Literary Journalism: Ketika Kaki-kaki Mungil Menapaki Bumi
“Ikut! Ikut! Ikut!” Fauzan
selalu menyebut kata yang sama berulang-ulang dengan semangat. Sesekali dia
merangkul ibunya dengan penuh kehangatan. Entah apa yang dimaksudkan Fauzan.

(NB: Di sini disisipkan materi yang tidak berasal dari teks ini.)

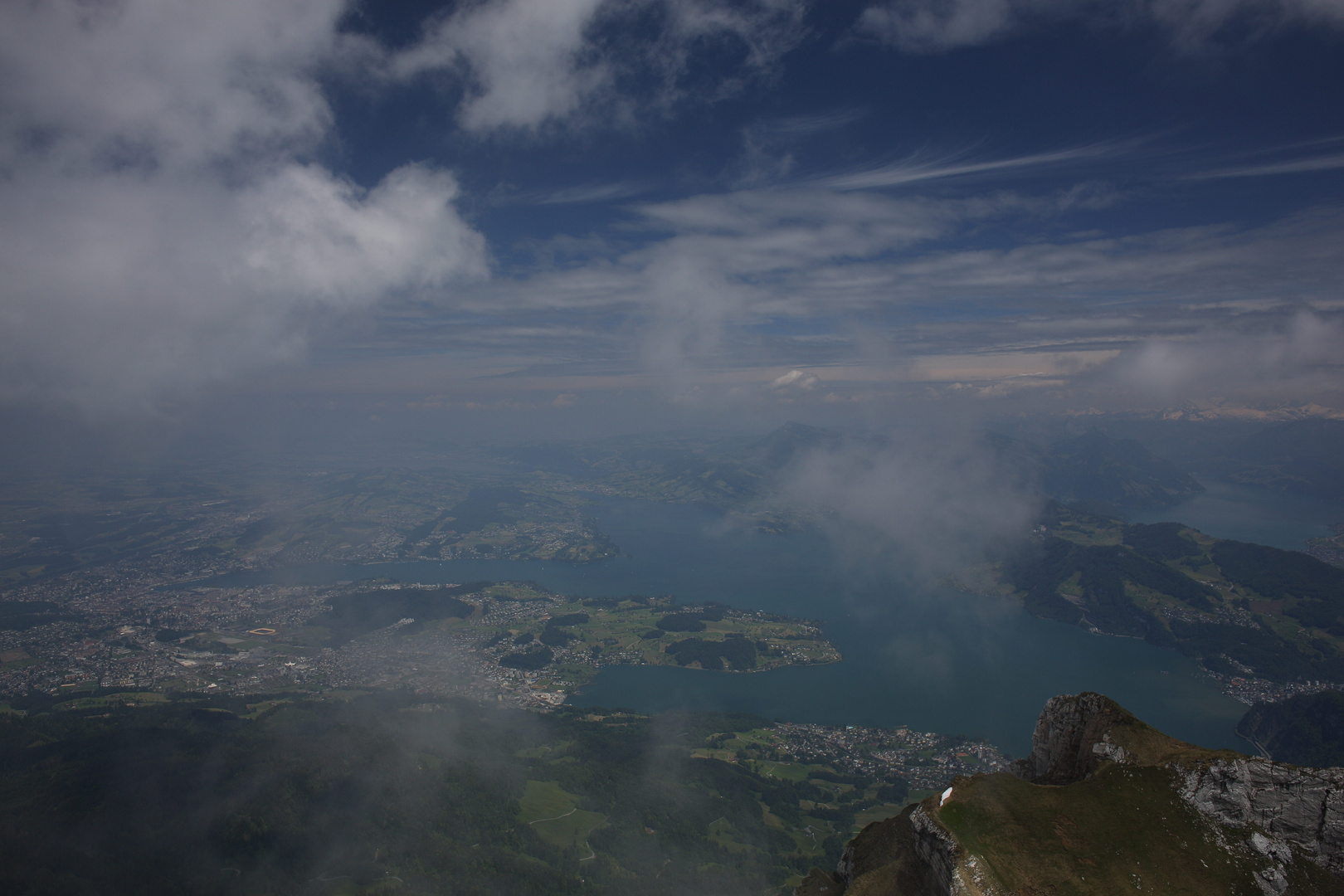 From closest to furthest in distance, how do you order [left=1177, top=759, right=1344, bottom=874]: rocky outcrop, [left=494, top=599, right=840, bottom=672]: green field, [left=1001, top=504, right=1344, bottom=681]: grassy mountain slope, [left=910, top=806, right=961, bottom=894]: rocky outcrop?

Hendak ikut ke mana? Hiking? Justru
Fauzan dan ibunya sedang hiking. Kak
Mei, ibu Fauzan tetap tersenyum dan tak bosan menanggapi celoteh Fauzan itu. Mungkin itu merupakan bentuk penegasan Fauzan bahwa ia ingin selalu bersama
ibunda tercinta.
Tiap minggu Kak Mei selalu menemani Fauzan untuk hiking. Bukan karena hobi, melainkan terapi. Fauzan tidak sendiri.
Di sana banyak teman lainnya yang menyandang kebutuhan khusus seperti Fauzan.
Mereka tidak hanya berasal dari Bandung tapi dari luar kota seperti Jakarta dan
Sukabumi. Fauzan dan teman-temannya tergabung dalam kelompok hiking yang diberi
nama Little Footprint.
Kaki-kaki mungil itu mencium bumi. Setiap pijakannya melekat sebuah
harapan. Harapan yang sama, memperoleh keseimbangan fisik dan mental serta
merasakan tumbuh kembang seperti anak pada umumnya. Namun bukan berarti
kebidupan mereka tidak indah. Kehidupan mereka sangat berwarna. Mereka hanya masih
sulit untuk berbagi dunia dengan orang lain. Anak-anak ini terlalu asyik
menjelajahi dunia mereka sendiri dan menciptakan kode-kode unik yang memang
tidak mudah dimengerti.
Di bawah terpaan sinar mentari, punggung mereka seperti mengeluarkan sayap
yang siap terbang kapan saja. Bersemangat dan tanpa ragu untuk melangkah. Menari-nari
bak balerina di pematang sawah dan jalan setapak yang mengelilingi bukit kecil
serta anak-anak tangga di antara deret perumahan warga.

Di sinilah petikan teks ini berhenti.